*Problem to solve*: Stop after the line with "Tiguan LIFE TSI+ALU". Up to that point, output every line of the listing below exactly from the first one onward, skipping pictures.

[[ Records supplied open ]]

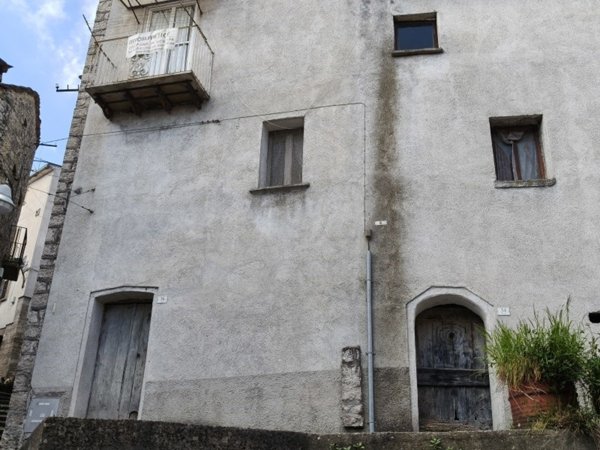 casa indipendente in vendita a Carpinone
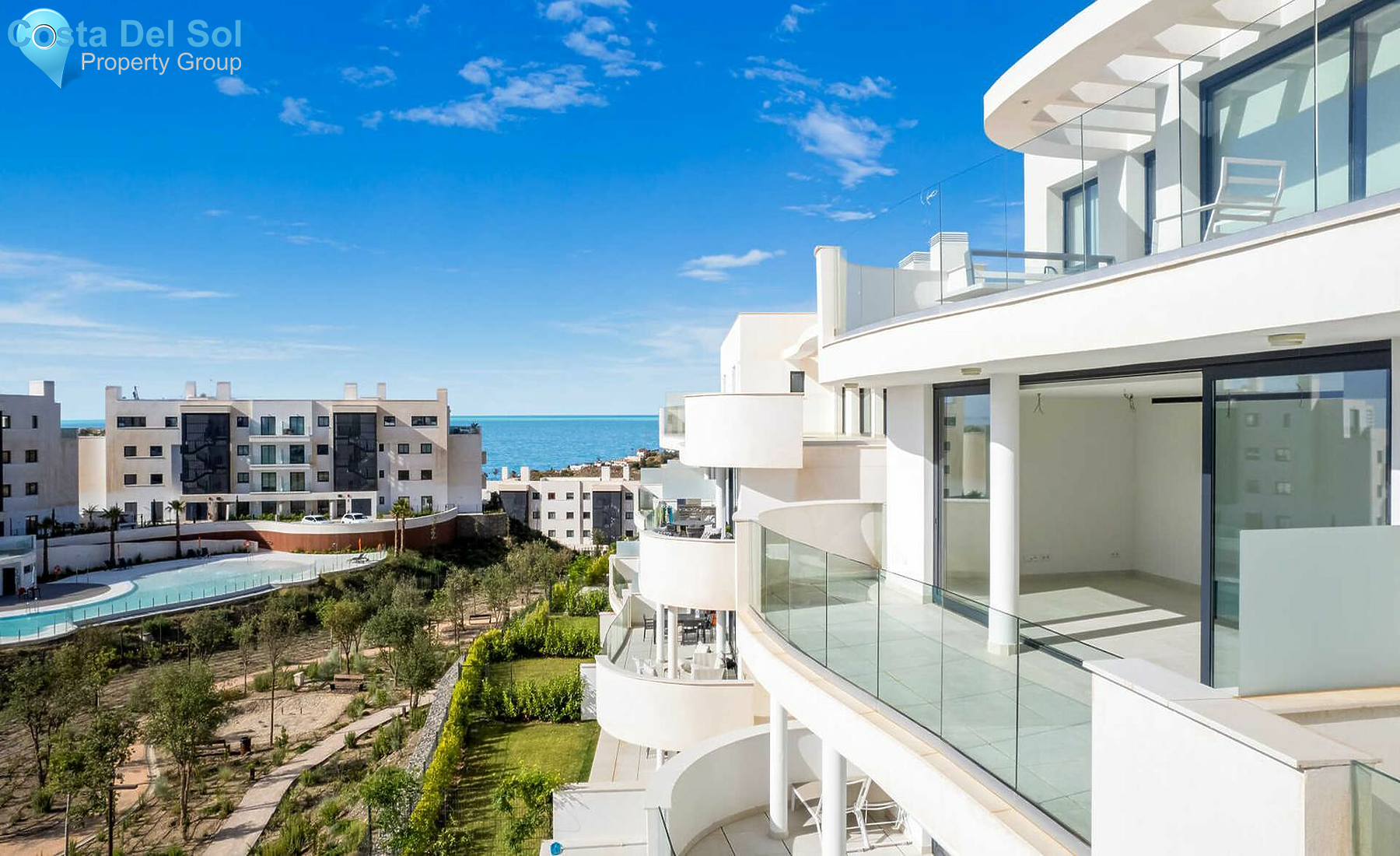 Middle Floor Apartment in Fuengirola-1138066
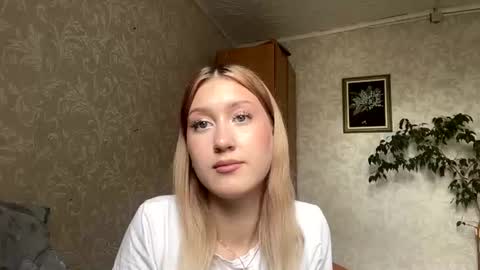 Snapshot of maudiesikes chatting on 07-14-26, 10:21 Mia online show from 07-14-26, 10:21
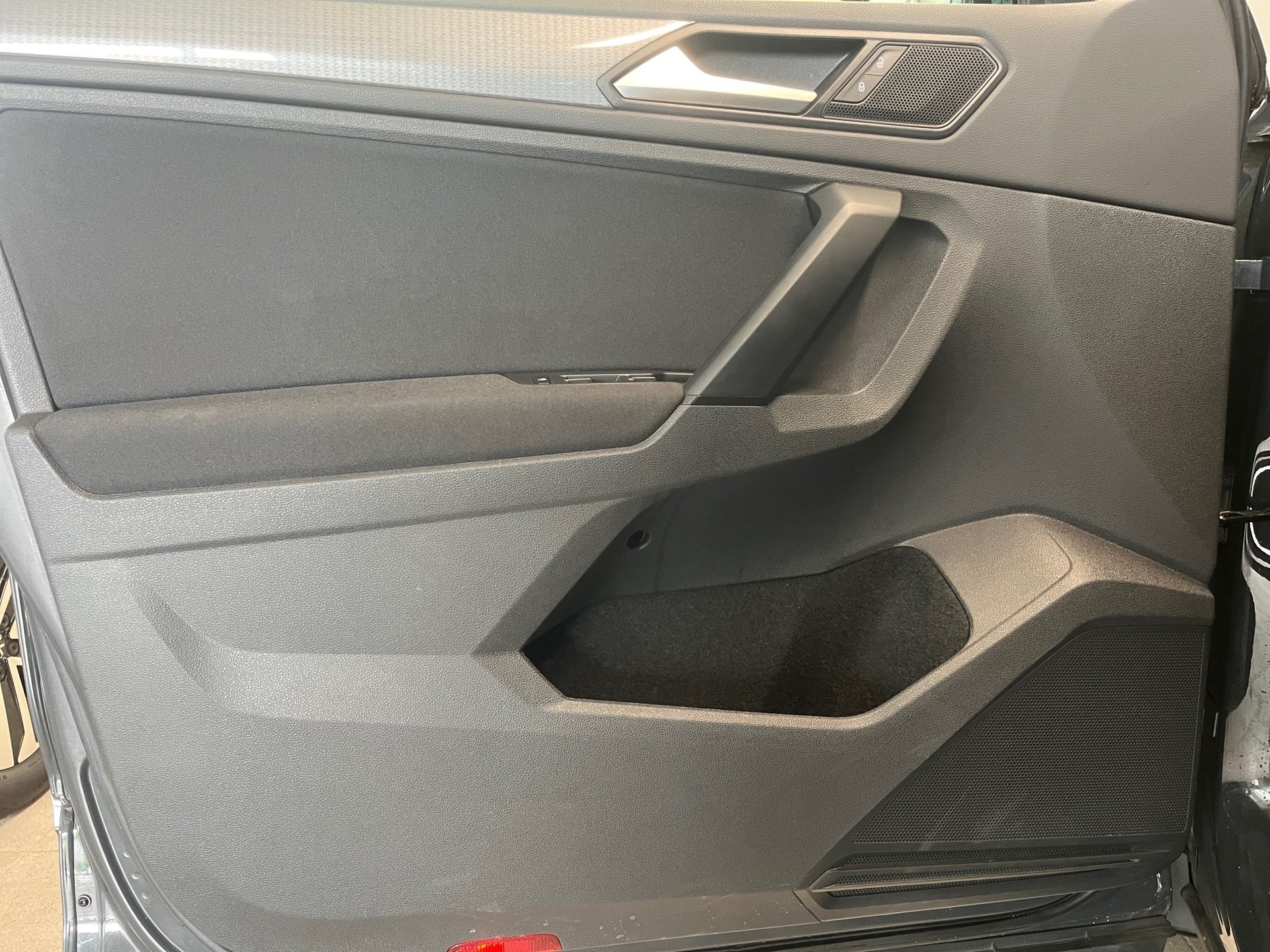 Tiguan LIFE TSI+ALU 17+NAVI+PARK ASSIST+TRAVEL ASSIST+LED+ACC+KLIMA+SITZHEIZUNG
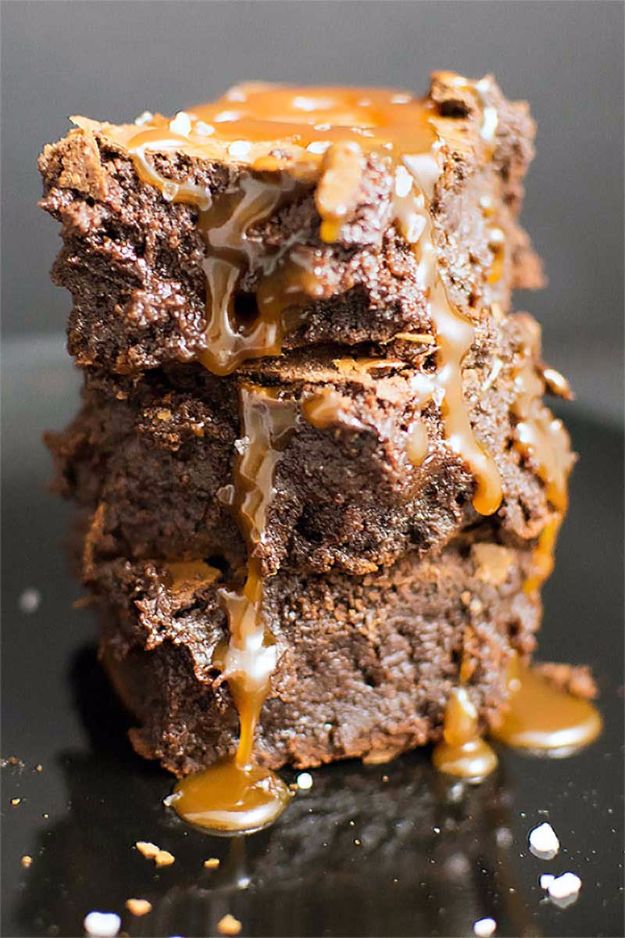 Easy Desserts for Teens to Make at Home - Salted Caramel Chocolate Brownies - Cool Dessert Recipes That Are Simple and Quick Enough For Teens, Teenagers and Older Kids - Best Dorm Snacks and Ideas - Microwave, No Bake, 3 Ingredient, Chocolate, Mug Cakes and More #desserts #teenrecipes #recipes #dessertrecipes #easyrecipes
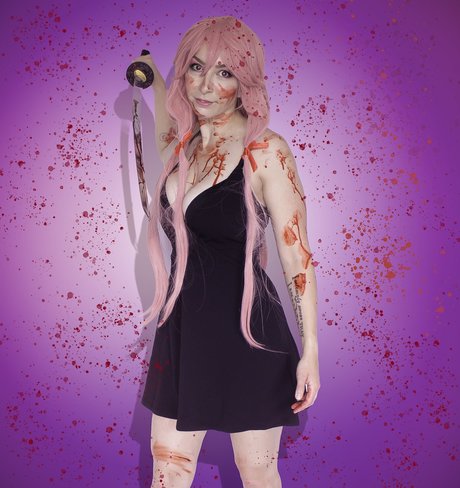 RhiCosplay actriz erótica galería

[[ Records supplied closed ]]

*Result of the exercise*:
 casa indipendente in vendita a Carpinone
 Middle Floor Apartment in Fuengirola-1138066
 Snapshot of maudiesikes chatting on 07-14-26, 10:21 Mia online show from 07-14-26, 10:21
 Tiguan LIFE TSI+ALU 17+NAVI+PARK ASSIST+TRAVEL ASSIST+LED+ACC+KLIMA+SITZHEIZUNG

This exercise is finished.